Bardzo się cieszymy, że możemy współtworzyć ten projekt razem z miastem. Korzyści jest na pewno bardzo dużo – tych wymiernych i niewymiernych. Wymierny jest na pewno aspekt finansowy, bo według raportu opracowanego przez SGH na zlecenie MKiDN w 2017, każda złotówka zainwestowana przez władze Płocka, zwraca się miastu ponad 8-krotnie. Przyjazd festiwalowej publiczności wiąże się z tym, że mnóstwo osób korzysta z usług miejskich przedsiębiorców – mówimy tu o noclegach, transporcie, ofercie gastronomicznej czy sklepach. Ważny jest też aspekt promocyjny, bo w całorocznej komunikacji Audioriver w różnych nośnikach zawsze pojawia się kontekst miasta. Ekwiwalent wszystkich działań reklamowych czy publikacji w mediach, w których pojawia się Płock, według rynkowych stawek to kwoty szacowane na miliony złotych. Poza tym, dzięki Audioriver, wiele osób nie tylko z Polski, ale i różnych krajów świata, mogło zobaczyć fantastyczną plażę, Stary Rynek i wiele innych pięknych miejsc w tym regionie.

O ile event manager jest jednym z 10 najbardziej stresujących zawodów to chyba organizacja festiwali na niechlubnym podium. Jaki zespół pracuje nad Audioriver?

Nasz zespół, który pracuje nad festiwalem przez cały rok, to grupa zaledwie kilku osób. Każdy ma swój zakres obowiązków, ale te działania wzajemnie się uzupełniają. Oczywiście, im bliżej terminu Audioriver, ta grupa się powiększa, a w trakcie festiwalu liczba pracowników na terenie wydarzenia to już ponad 1500 osób. Oczywiście, w naszej pracy jest dużo stresu i czynników, na które nie mamy wpływu, ale na sam koniec wynagradza to nam widok tysięcy szczęśliwych osób w trakcie zabawy przy festiwalowych scenach. To dla nas największa motywacja.

Realizacja biletów kupionych sprzed dwóch lat przy dzisiejszych kosztach to nie lada wyzwanie.

Jesteśmy bardzo wdzięczni wszystkim osobom, które przez ponad dwa lata czekały na powrót festiwalu. To wyraz dużego zaufania. Dzisiejsze koszty festiwalu są niewyobrażalnie większe niż te w 2019 roku. Wszystkie elementy składowe potrzebne do zorganizowania tak dużego wydarzenia są droższe – honoraria artystów, produkcja, logistyka, całe zapotrzebowanie. Niestety nie mamy na to wpływu.

Ostatnie wydarzenia pokazują, że festiwale narażone są na kapryśną pogodę. Jak często ją sprawdzacie?

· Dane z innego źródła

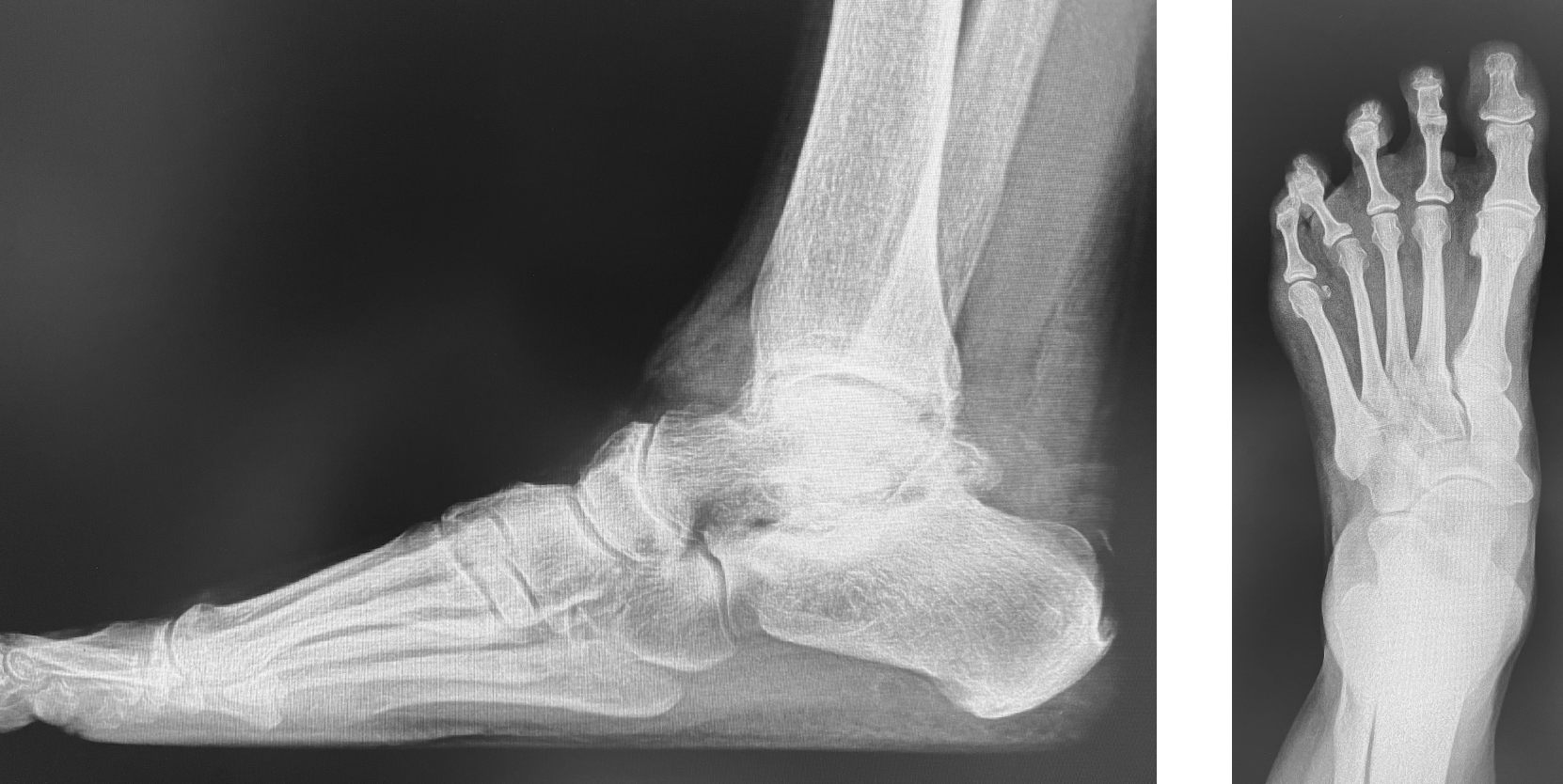 Pre-operative radiographs of the left foot and ankle 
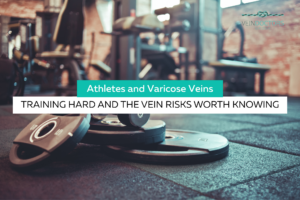 Athlete veins vs varicose veins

Im bliżej festiwalu, tym na pewno częściej. Realną zapowiedź warunków na festiwalowy weekend mamy dopiero na kilka dni przed. Miejmy nadzieję, że pogoda będzie w tym roku dla nas łaskawa.

Czego poza idealną pogodą możemy Wam życzyć?

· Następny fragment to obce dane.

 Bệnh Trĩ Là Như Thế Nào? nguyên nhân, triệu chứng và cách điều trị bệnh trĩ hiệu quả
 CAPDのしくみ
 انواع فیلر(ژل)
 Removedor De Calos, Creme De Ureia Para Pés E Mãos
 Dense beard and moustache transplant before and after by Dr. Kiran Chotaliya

Braku opóźnień na lotniskach i innych nieprzewidzianych problemów. Najgorsze momenty są wtedy, gdy musimy mierzyć się z sytuacjami, na które nie mamy wpływu.

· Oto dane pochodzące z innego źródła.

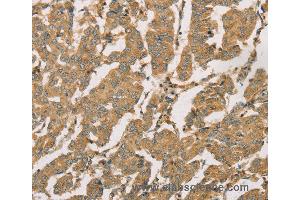 Immunohistochemistry of Human breast cancer using DMRT3 Polyclonal Antibody at dilution of 1:50 (DMRT3 Antikörper)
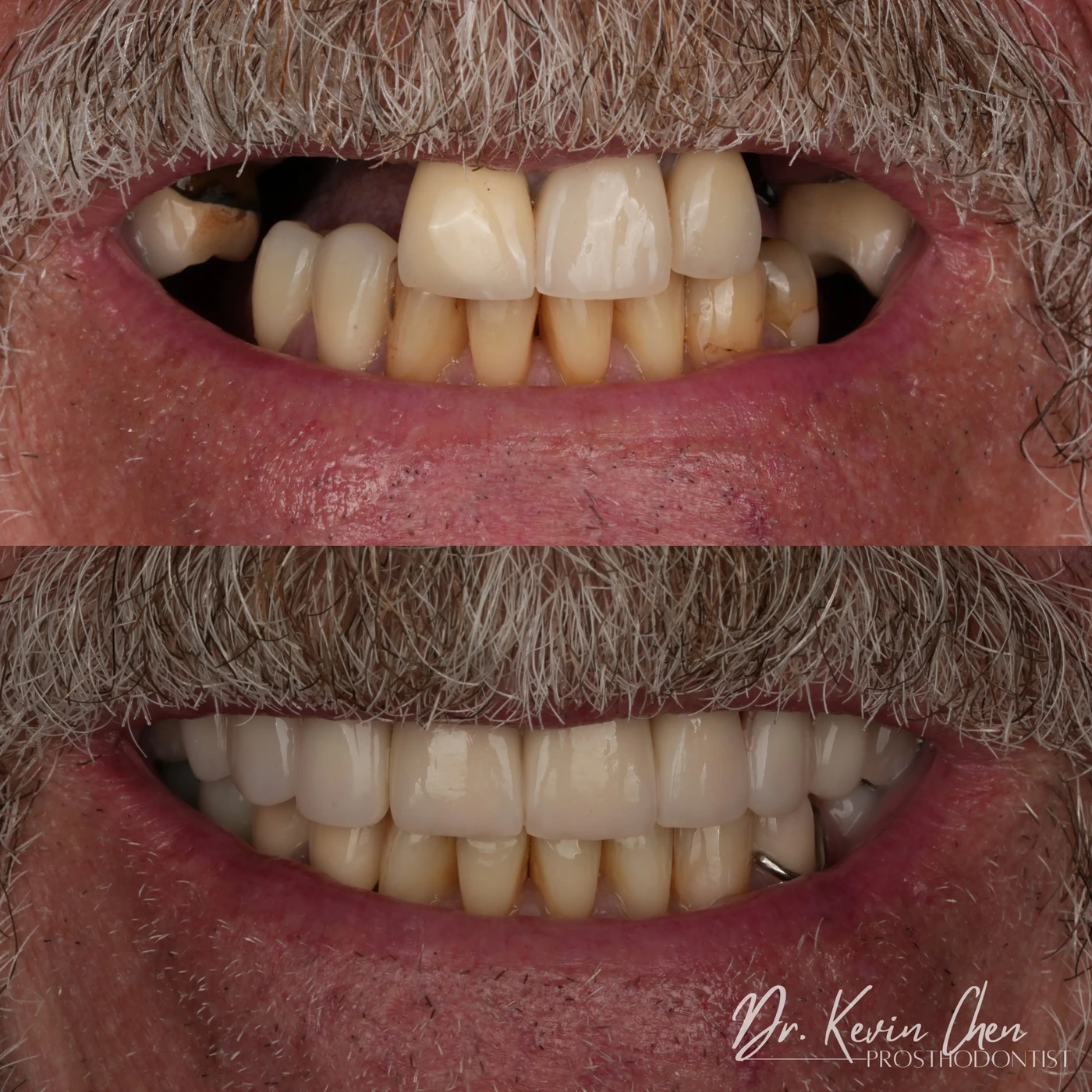 Supplied dental comparison for Dr. Chen’s restoring function after multiple missing teeth case Supplied dental comparison for Dr. Chen’s restoring function after multiple missing teeth case
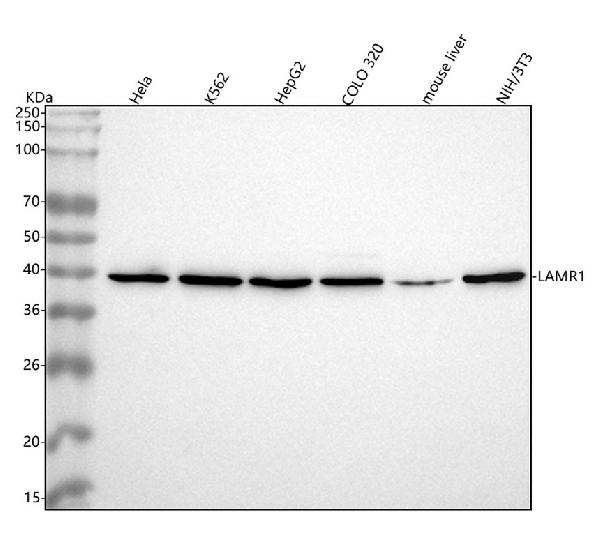 1 - Anti-67kDa Laminin Receptor RPSA Rabbit Monoclonal Antibody ABO14294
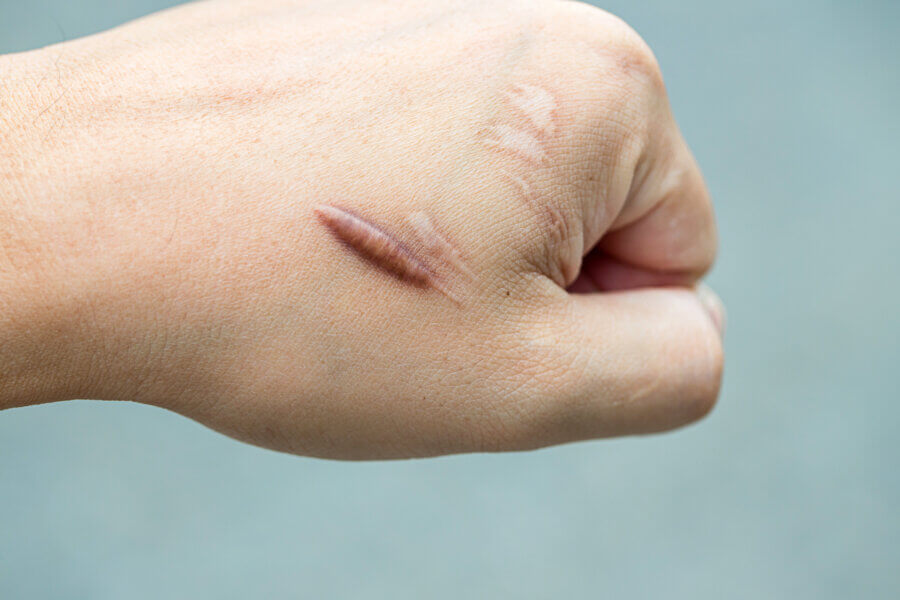 Keloide Narbe (Hypertrophische Scar) auf der Haut des Menschen nach einem Unfall.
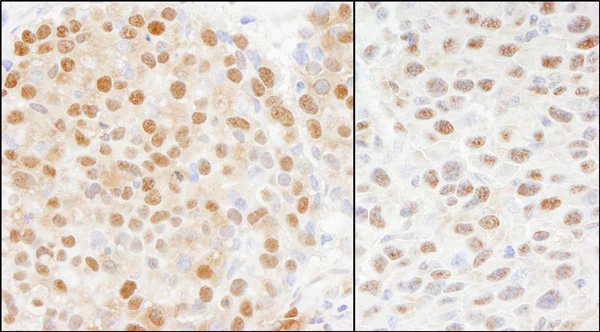 Immunohistochemistry (Formalin/PFA-fixed paraffin-embedded sections) - Anti-Cullin 4A/CUL-4A antibody (AB72548)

AudioriverPiotr Orlicz-Rabiega – Prezes Fundacji Jest Akcja! zajmującej się działalnością w świecie kultury i muzyki, a także doświadczonej w organizacji imprez korporacyjnych i eventów dla firm. Fundacja jest odpowiedzialna za produkcję setek wydarzeń m.in. w takich lokalizacjach, jak Soho Factory, Pin-Up Studio, Szwedzka 2/4 i Times Event Center oraz w najlepszych klubach czy salach koncertowych w Polsce. Głównym i najbardziej znanym projektem Fundacji jest odbywający się od 15 lat festiwal Audioriver.